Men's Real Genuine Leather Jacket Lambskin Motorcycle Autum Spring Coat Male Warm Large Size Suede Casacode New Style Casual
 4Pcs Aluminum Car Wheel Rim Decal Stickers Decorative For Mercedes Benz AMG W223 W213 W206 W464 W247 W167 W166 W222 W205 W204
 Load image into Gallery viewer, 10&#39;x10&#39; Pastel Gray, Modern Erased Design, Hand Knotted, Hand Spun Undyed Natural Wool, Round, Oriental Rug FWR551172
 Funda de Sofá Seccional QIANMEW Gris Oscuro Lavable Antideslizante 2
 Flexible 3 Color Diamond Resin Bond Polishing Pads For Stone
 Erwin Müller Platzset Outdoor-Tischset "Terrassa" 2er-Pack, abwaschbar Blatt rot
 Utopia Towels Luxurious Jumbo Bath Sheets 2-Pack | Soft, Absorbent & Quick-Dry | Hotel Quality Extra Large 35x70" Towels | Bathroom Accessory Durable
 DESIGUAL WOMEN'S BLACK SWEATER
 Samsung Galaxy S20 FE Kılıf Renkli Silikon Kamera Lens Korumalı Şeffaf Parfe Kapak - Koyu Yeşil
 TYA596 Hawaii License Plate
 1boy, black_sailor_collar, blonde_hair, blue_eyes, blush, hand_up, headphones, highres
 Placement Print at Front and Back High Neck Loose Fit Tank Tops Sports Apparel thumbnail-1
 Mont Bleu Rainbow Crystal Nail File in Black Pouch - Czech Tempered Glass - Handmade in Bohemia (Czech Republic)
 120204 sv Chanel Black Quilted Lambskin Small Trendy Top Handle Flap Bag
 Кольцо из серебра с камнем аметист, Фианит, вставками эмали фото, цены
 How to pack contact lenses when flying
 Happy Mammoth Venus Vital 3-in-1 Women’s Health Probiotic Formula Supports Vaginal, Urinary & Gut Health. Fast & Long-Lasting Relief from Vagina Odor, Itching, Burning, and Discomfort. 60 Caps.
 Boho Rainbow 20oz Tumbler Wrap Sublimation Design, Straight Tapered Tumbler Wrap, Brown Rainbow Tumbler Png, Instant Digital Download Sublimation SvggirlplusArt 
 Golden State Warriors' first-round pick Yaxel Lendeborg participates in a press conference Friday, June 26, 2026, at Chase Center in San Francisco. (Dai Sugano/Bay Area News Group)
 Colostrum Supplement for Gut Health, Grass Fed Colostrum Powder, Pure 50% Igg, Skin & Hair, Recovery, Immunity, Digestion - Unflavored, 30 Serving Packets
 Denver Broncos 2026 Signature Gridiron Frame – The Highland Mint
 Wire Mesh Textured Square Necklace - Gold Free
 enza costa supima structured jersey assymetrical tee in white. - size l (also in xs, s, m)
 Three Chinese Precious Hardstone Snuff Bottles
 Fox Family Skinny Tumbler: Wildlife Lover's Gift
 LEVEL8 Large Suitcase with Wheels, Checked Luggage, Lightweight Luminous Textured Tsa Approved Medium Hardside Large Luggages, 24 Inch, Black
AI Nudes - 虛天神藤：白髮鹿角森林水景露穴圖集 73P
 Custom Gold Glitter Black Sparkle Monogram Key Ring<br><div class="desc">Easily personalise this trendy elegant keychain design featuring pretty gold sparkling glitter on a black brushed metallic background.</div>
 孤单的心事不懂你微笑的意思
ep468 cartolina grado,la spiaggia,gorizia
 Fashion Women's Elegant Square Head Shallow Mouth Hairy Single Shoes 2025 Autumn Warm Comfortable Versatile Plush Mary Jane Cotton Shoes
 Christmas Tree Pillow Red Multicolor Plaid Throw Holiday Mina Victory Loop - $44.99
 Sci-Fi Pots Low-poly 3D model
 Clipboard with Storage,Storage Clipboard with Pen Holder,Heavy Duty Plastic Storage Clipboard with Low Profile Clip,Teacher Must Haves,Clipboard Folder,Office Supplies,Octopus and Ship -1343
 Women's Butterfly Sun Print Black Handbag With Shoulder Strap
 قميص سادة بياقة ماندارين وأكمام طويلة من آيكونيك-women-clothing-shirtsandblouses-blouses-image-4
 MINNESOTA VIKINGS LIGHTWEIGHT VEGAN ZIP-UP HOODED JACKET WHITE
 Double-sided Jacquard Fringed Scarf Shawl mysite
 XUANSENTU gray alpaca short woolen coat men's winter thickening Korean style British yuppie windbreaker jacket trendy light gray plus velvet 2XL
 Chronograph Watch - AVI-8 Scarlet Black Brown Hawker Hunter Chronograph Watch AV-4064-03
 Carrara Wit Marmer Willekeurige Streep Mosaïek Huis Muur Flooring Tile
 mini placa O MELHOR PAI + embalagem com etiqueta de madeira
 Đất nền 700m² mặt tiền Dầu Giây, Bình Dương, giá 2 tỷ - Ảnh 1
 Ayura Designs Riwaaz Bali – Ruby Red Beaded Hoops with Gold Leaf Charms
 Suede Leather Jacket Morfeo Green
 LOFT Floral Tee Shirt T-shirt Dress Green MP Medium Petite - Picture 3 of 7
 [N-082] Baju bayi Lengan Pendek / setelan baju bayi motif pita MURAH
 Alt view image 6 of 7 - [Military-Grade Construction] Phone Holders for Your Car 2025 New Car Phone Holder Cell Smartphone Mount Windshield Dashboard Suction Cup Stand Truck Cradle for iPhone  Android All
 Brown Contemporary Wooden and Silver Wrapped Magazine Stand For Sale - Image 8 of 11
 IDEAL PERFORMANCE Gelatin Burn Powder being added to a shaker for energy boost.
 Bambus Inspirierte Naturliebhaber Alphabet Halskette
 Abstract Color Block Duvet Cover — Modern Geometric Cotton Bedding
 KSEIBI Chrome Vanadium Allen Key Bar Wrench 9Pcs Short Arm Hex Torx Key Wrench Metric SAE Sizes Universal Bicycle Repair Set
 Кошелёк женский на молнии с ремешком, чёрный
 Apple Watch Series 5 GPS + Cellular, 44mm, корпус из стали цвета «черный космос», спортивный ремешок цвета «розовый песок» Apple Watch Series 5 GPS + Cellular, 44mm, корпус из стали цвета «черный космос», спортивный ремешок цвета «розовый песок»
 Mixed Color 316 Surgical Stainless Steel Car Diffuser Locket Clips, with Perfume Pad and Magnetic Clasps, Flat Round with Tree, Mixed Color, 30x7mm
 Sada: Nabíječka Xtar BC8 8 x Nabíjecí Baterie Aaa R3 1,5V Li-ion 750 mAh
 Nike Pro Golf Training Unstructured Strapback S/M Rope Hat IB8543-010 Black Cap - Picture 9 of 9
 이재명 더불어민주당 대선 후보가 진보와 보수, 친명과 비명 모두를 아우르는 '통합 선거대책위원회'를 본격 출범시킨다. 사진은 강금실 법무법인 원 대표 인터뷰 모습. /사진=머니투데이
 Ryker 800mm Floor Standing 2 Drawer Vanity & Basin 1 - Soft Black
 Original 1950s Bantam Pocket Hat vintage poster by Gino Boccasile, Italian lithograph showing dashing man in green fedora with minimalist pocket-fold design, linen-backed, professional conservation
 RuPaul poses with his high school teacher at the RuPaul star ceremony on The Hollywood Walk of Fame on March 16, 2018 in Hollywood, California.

[What to produce]
Everything in the material above is to be copied exactly.

[Solution for this exercise]
Men's Real Genuine Leather Jacket Lambskin Motorcycle Autum Spring Coat Male Warm Large Size Suede Casacode New Style Casual
 4Pcs Aluminum Car Wheel Rim Decal Stickers Decorative For Mercedes Benz AMG W223 W213 W206 W464 W247 W167 W166 W222 W205 W204
 Load image into Gallery viewer, 10&#39;x10&#39; Pastel Gray, Modern Erased Design, Hand Knotted, Hand Spun Undyed Natural Wool, Round, Oriental Rug FWR551172
 Funda de Sofá Seccional QIANMEW Gris Oscuro Lavable Antideslizante 2
 Flexible 3 Color Diamond Resin Bond Polishing Pads For Stone
 Erwin Müller Platzset Outdoor-Tischset "Terrassa" 2er-Pack, abwaschbar Blatt rot
 Utopia Towels Luxurious Jumbo Bath Sheets 2-Pack | Soft, Absorbent & Quick-Dry | Hotel Quality Extra Large 35x70" Towels | Bathroom Accessory Durable
 DESIGUAL WOMEN'S BLACK SWEATER
 Samsung Galaxy S20 FE Kılıf Renkli Silikon Kamera Lens Korumalı Şeffaf Parfe Kapak - Koyu Yeşil
 TYA596 Hawaii License Plate
 1boy, black_sailor_collar, blonde_hair, blue_eyes, blush, hand_up, headphones, highres
 Placement Print at Front and Back High Neck Loose Fit Tank Tops Sports Apparel thumbnail-1
 Mont Bleu Rainbow Crystal Nail File in Black Pouch - Czech Tempered Glass - Handmade in Bohemia (Czech Republic)
 120204 sv Chanel Black Quilted Lambskin Small Trendy Top Handle Flap Bag
 Кольцо из серебра с камнем аметист, Фианит, вставками эмали фото, цены
 How to pack contact lenses when flying
 Happy Mammoth Venus Vital 3-in-1 Women’s Health Probiotic Formula Supports Vaginal, Urinary & Gut Health. Fast & Long-Lasting Relief from Vagina Odor, Itching, Burning, and Discomfort. 60 Caps.
 Boho Rainbow 20oz Tumbler Wrap Sublimation Design, Straight Tapered Tumbler Wrap, Brown Rainbow Tumbler Png, Instant Digital Download Sublimation SvggirlplusArt 
 Golden State Warriors' first-round pick Yaxel Lendeborg participates in a press conference Friday, June 26, 2026, at Chase Center in San Francisco. (Dai Sugano/Bay Area News Group)
 Colostrum Supplement for Gut Health, Grass Fed Colostrum Powder, Pure 50% Igg, Skin & Hair, Recovery, Immunity, Digestion - Unflavored, 30 Serving Packets
 Denver Broncos 2026 Signature Gridiron Frame – The Highland Mint
 Wire Mesh Textured Square Necklace - Gold Free
 enza costa supima structured jersey assymetrical tee in white. - size l (also in xs, s, m)
 Three Chinese Precious Hardstone Snuff Bottles
 Fox Family Skinny Tumbler: Wildlife Lover's Gift
 LEVEL8 Large Suitcase with Wheels, Checked Luggage, Lightweight Luminous Textured Tsa Approved Medium Hardside Large Luggages, 24 Inch, Black
AI Nudes - 虛天神藤：白髮鹿角森林水景露穴圖集 73P
 Custom Gold Glitter Black Sparkle Monogram Key Ring<br><div class="desc">Easily personalise this trendy elegant keychain design featuring pretty gold sparkling glitter on a black brushed metallic background.</div>
 孤单的心事不懂你微笑的意思
ep468 cartolina grado,la spiaggia,gorizia
 Fashion Women's Elegant Square Head Shallow Mouth Hairy Single Shoes 2025 Autumn Warm Comfortable Versatile Plush Mary Jane Cotton Shoes
 Christmas Tree Pillow Red Multicolor Plaid Throw Holiday Mina Victory Loop - $44.99
 Sci-Fi Pots Low-poly 3D model
 Clipboard with Storage,Storage Clipboard with Pen Holder,Heavy Duty Plastic Storage Clipboard with Low Profile Clip,Teacher Must Haves,Clipboard Folder,Office Supplies,Octopus and Ship -1343
 Women's Butterfly Sun Print Black Handbag With Shoulder Strap
 قميص سادة بياقة ماندارين وأكمام طويلة من آيكونيك-women-clothing-shirtsandblouses-blouses-image-4
 MINNESOTA VIKINGS LIGHTWEIGHT VEGAN ZIP-UP HOODED JACKET WHITE
 Double-sided Jacquard Fringed Scarf Shawl mysite
 XUANSENTU gray alpaca short woolen coat men's winter thickening Korean style British yuppie windbreaker jacket trendy light gray plus velvet 2XL
 Chronograph Watch - AVI-8 Scarlet Black Brown Hawker Hunter Chronograph Watch AV-4064-03
 Carrara Wit Marmer Willekeurige Streep Mosaïek Huis Muur Flooring Tile
 mini placa O MELHOR PAI + embalagem com etiqueta de madeira
 Đất nền 700m² mặt tiền Dầu Giây, Bình Dương, giá 2 tỷ - Ảnh 1
 Ayura Designs Riwaaz Bali – Ruby Red Beaded Hoops with Gold Leaf Charms
 Suede Leather Jacket Morfeo Green
 LOFT Floral Tee Shirt T-shirt Dress Green MP Medium Petite - Picture 3 of 7
 [N-082] Baju bayi Lengan Pendek / setelan baju bayi motif pita MURAH
 Alt view image 6 of 7 - [Military-Grade Construction] Phone Holders for Your Car 2025 New Car Phone Holder Cell Smartphone Mount Windshield Dashboard Suction Cup Stand Truck Cradle for iPhone  Android All
 Brown Contemporary Wooden and Silver Wrapped Magazine Stand For Sale - Image 8 of 11
 IDEAL PERFORMANCE Gelatin Burn Powder being added to a shaker for energy boost.
 Bambus Inspirierte Naturliebhaber Alphabet Halskette
 Abstract Color Block Duvet Cover — Modern Geometric Cotton Bedding
 KSEIBI Chrome Vanadium Allen Key Bar Wrench 9Pcs Short Arm Hex Torx Key Wrench Metric SAE Sizes Universal Bicycle Repair Set
 Кошелёк женский на молнии с ремешком, чёрный
 Apple Watch Series 5 GPS + Cellular, 44mm, корпус из стали цвета «черный космос», спортивный ремешок цвета «розовый песок» Apple Watch Series 5 GPS + Cellular, 44mm, корпус из стали цвета «черный космос», спортивный ремешок цвета «розовый песок»
 Mixed Color 316 Surgical Stainless Steel Car Diffuser Locket Clips, with Perfume Pad and Magnetic Clasps, Flat Round with Tree, Mixed Color, 30x7mm
 Sada: Nabíječka Xtar BC8 8 x Nabíjecí Baterie Aaa R3 1,5V Li-ion 750 mAh
 Nike Pro Golf Training Unstructured Strapback S/M Rope Hat IB8543-010 Black Cap - Picture 9 of 9
 이재명 더불어민주당 대선 후보가 진보와 보수, 친명과 비명 모두를 아우르는 '통합 선거대책위원회'를 본격 출범시킨다. 사진은 강금실 법무법인 원 대표 인터뷰 모습. /사진=머니투데이
 Ryker 800mm Floor Standing 2 Drawer Vanity & Basin 1 - Soft Black
 Original 1950s Bantam Pocket Hat vintage poster by Gino Boccasile, Italian lithograph showing dashing man in green fedora with minimalist pocket-fold design, linen-backed, professional conservation
 RuPaul poses with his high school teacher at the RuPaul star ceremony on The Hollywood Walk of Fame on March 16, 2018 in Hollywood, California.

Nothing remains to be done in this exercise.